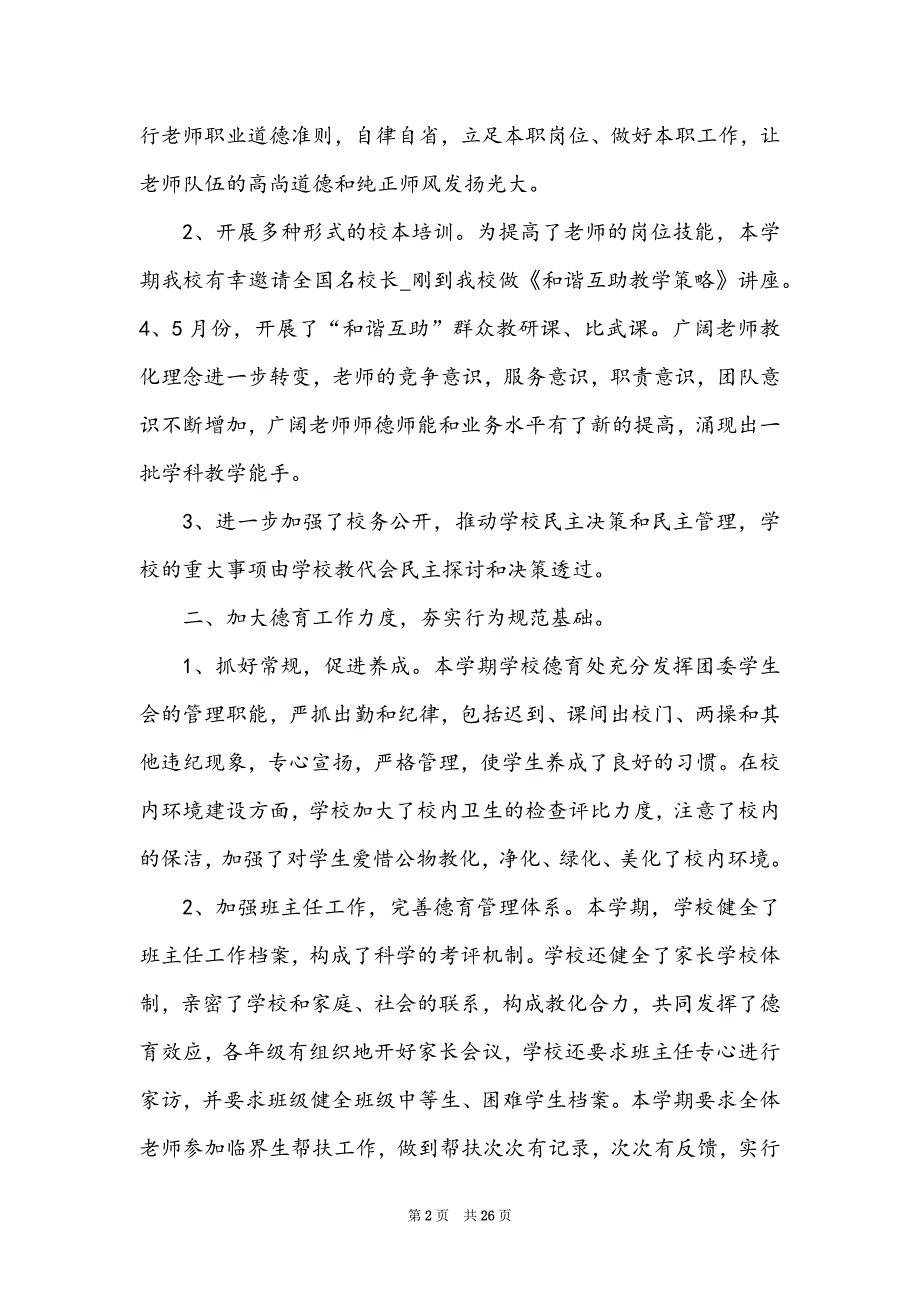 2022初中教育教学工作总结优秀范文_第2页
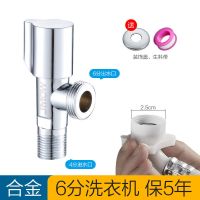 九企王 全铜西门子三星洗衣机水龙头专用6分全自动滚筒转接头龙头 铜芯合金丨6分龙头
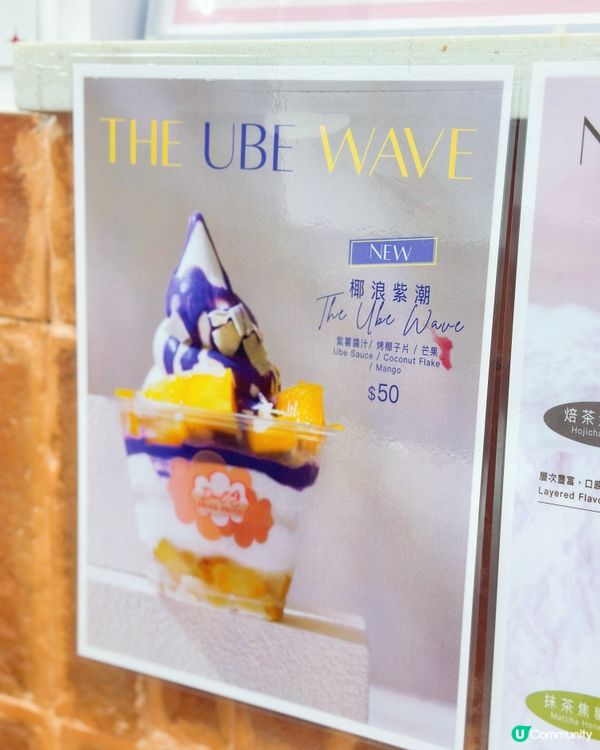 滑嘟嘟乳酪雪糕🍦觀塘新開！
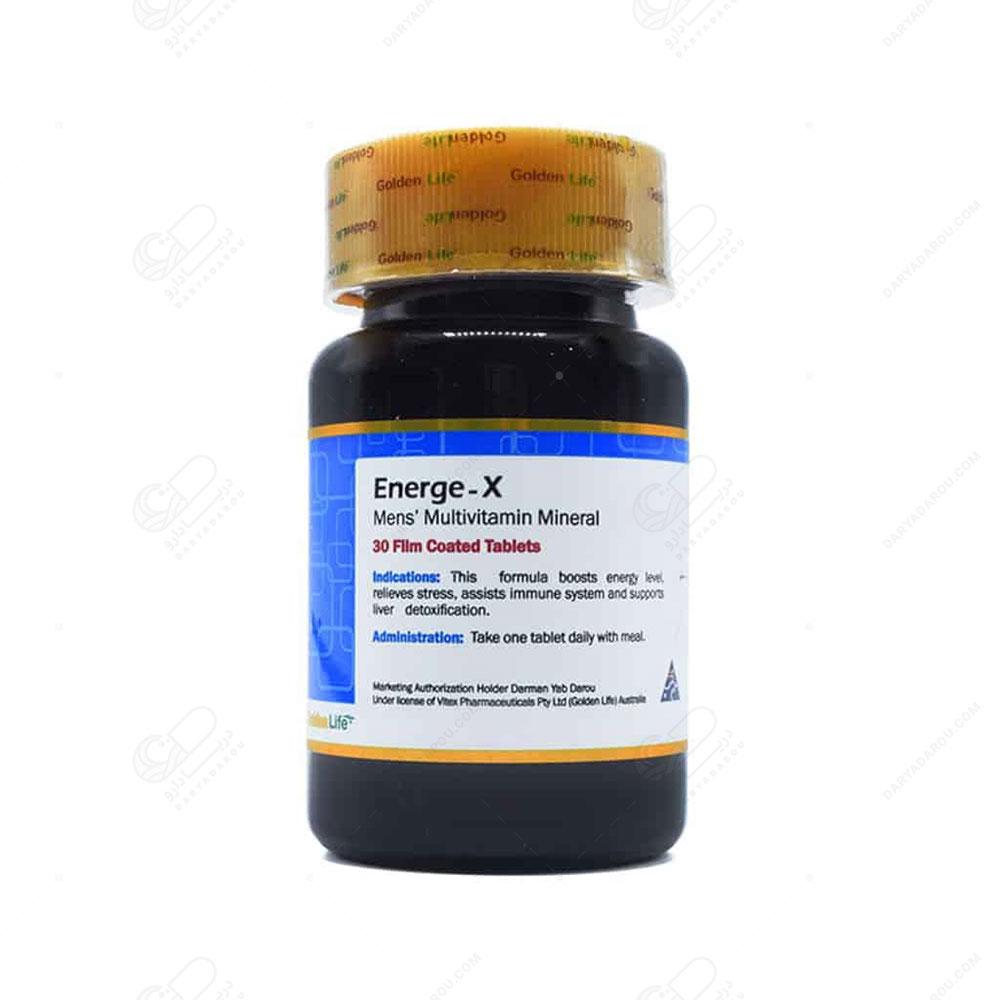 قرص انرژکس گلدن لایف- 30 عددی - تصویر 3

■ AIM OF THE TASK: In the material above, retype exactly the lines that run from the one containing "九企王 全铜西门子三星洗衣机水龙头专用6分全自动滚筒转接头龙头 铜芯合金丨6分龙头" through the last line, and keep out the pictures.

■ THE COMPLETED TASK:
 九企王 全铜西门子三星洗衣机水龙头专用6分全自动滚筒转接头龙头 铜芯合金丨6分龙头
 滑嘟嘟乳酪雪糕🍦觀塘新開！
 قرص انرژکس گلدن لایف- 30 عددی - تصویر 3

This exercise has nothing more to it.